Reduction of Arachidonate Is Associated With Increase in B-Cell Activation Marker in Infants: A Randomized Trial.

J Pediatr Gastroenterol Nutr 2017 03;64(3):446-453

*Alberta Institute for Human Nutrition, University of Alberta †Alberta Health Services, Edmonton AB, Canada ‡Clinical Research, Mead Johnson Nutrition, Evansville, IN, the Department of Epidemiology of Microbial Diseases, Yale School of Public Health, New Haven, CT §Ophthalmology and Visual Sciences, University of Alberta ||Department of Pediatrics, Alberta Health Services, Edmonton AB ¶Department of Pediatrics, University of British Columbia, Vancouver BC, Canada.

Background: Infants who are not breast-fed benefit from formula with both docosahexaenoic acid (C22:6n3) and arachidonic acid (ARA; C20:4n6). The amount of ARA needed to support immune function is unknown. Infants who carry specific fatty acid desaturase (FADS) polymorphisms may require more dietary ARA to maintain adequate ARA status.

Objective: The aim of the study was to determine whether ARA intake or FADS polymorphisms alter ARA levels of lymphocytes, plasma, and red blood cells in term infants fed infant formula.

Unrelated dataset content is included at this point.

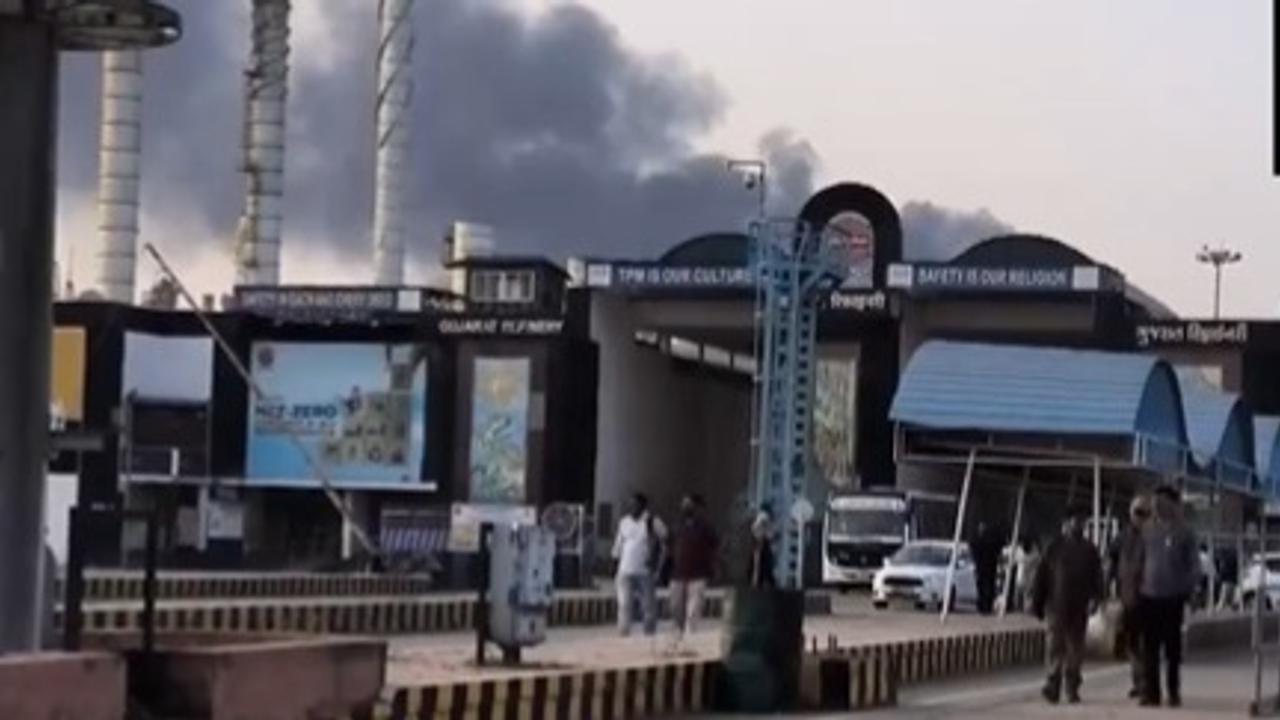 Massive blast occurs at refinery in Vadodara's Koyali area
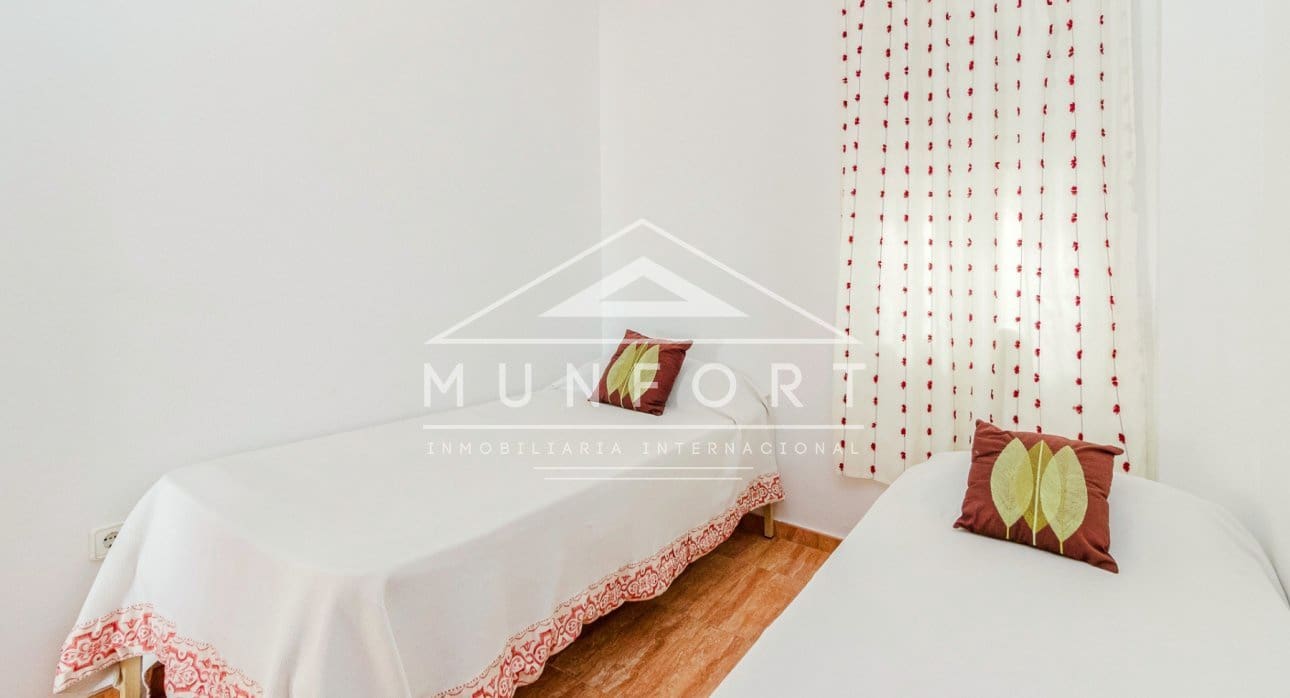 2 bedroom Apartment for sale in Los Alcazares with pool - € 115,000 (Ref: 9572361)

Methods: Infants (N = 89) were enrolled in this prospective, double-blind controlled study. Infants were randomized to consume formula containing 17 mg docosahexaenoic acid and 0, 25, or 34 mg ARA/100 kcal for 10 weeks. Fatty acid composition of plasma phosphatidylcholine and phosphatidylethanolamine, total fatty acids of lymphocytes and red blood cells, activation markers of lymphocytes, and polymorphisms in FADS1 and FADS2 were determined.

Results: Lymphocyte ARA was higher in the 25-ARA formula group than in the 0- or 34-ARA groups. In plasma, 16:0/20:4 and 18:0/20:4 species of phosphatidylcholine and phosphatidylethanolamine were highest and 16:0/18:2 and 18:0/18:2 were lowest in the 34-ARA formula group. In minor allele carriers of FADS1 and FADS2, plasma ARA content was elevated only at the highest level of ARA consumed. B-cell activation marker CD54 was elevated in infants who consumed formula containing no ARA.

Conclusions: ARA level in plasma is reduced by low ARA consumption and by minor alleles in FADS. Dietary ARA may exert an immunoregulatory role on B-cell activation by decreasing 16:0/18:2 and 18:0/18:2 species of phospholipids. ARA intake from 25 to 34 mg/100 kcal is sufficient to maintain cell ARA level in infants across genotypes.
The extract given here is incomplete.